I think when you turned the air down the flame started burning in the burner tube. A little bit is an annoyance but yours has a problem. They are getting the forge hotter though so that's good.

How far into the forge are the burner outlets? (nozzle end) Ideally the ends of the burners should just penetrate the shell and extend maybe 1/4" into the refractory liner. 

If they're not too deep you should put flame holders on them. You can buy high temp stainless screen which will last a lot longer than floor drain grates. The term is "flame holder" not flow straightener, not a bad guess though makes intuitive sense.  Running the fuel air flow through a screen breaks up the single stream into maybe 100 small flames depending. The smaller the flame the less distance it goes before combustion is complete and the flame stops. What it does for your situation is the flame can not burn back past the screen so your burners will stay cooler.

Flame holders and pull the burners back if necessary and if there is very much space between the burner tubes and mounting sleaves block the space with ceramic refractory blanket.
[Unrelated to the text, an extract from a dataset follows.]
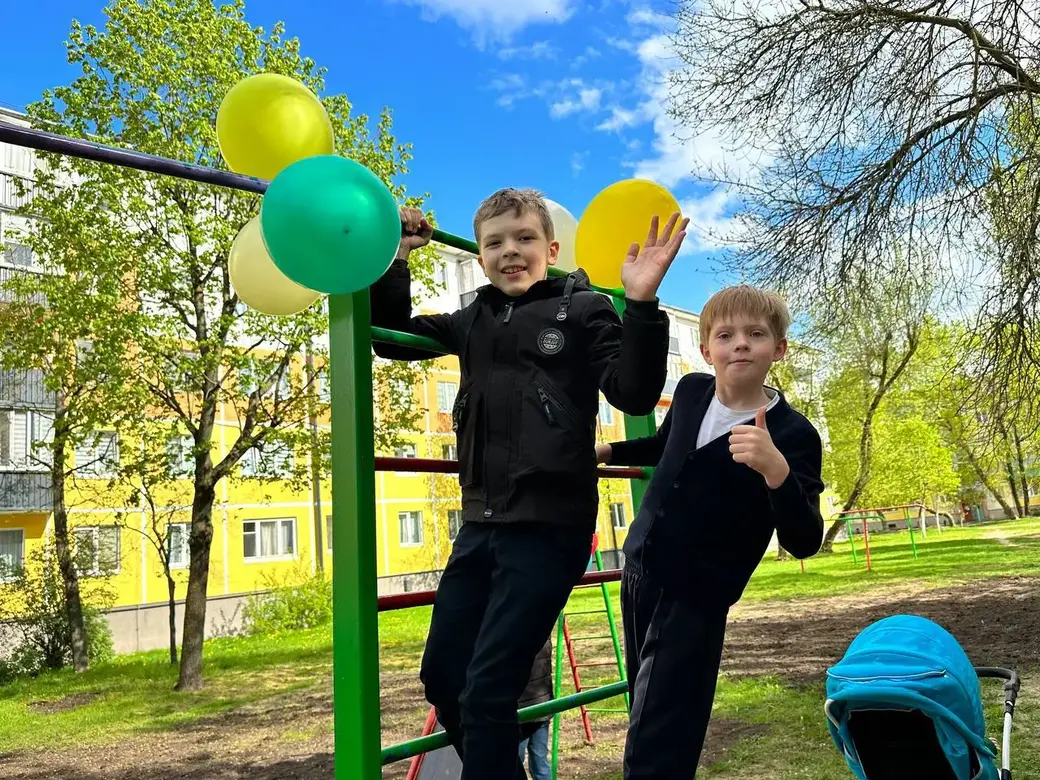 25.04.2025 г. Могилев, ул.Кутепова. Здесь появилась новая детплощадка!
Naturally aspirated burners like used to be there sometimes need the extra air for complete combustion and entraining it through the gap between burner tube and sleave serves. You have bun burners now and they do NOT need extra air you can adjust it precisely so the gap is a bad thing. Couple that with how close the burner nozzles are to the floor and flame will be forced back out through those gaps. I'd block them as close to the end of the sleaves as possible.

If you can get a pic of the roof inside the forge of the burner ports it'll help evaluate things.

I also think you could probably double the height of your forge and get good heat, maybe better.

Everything I said above are first impressions and could be wrong or need tweaking.

Frosty The Lucky.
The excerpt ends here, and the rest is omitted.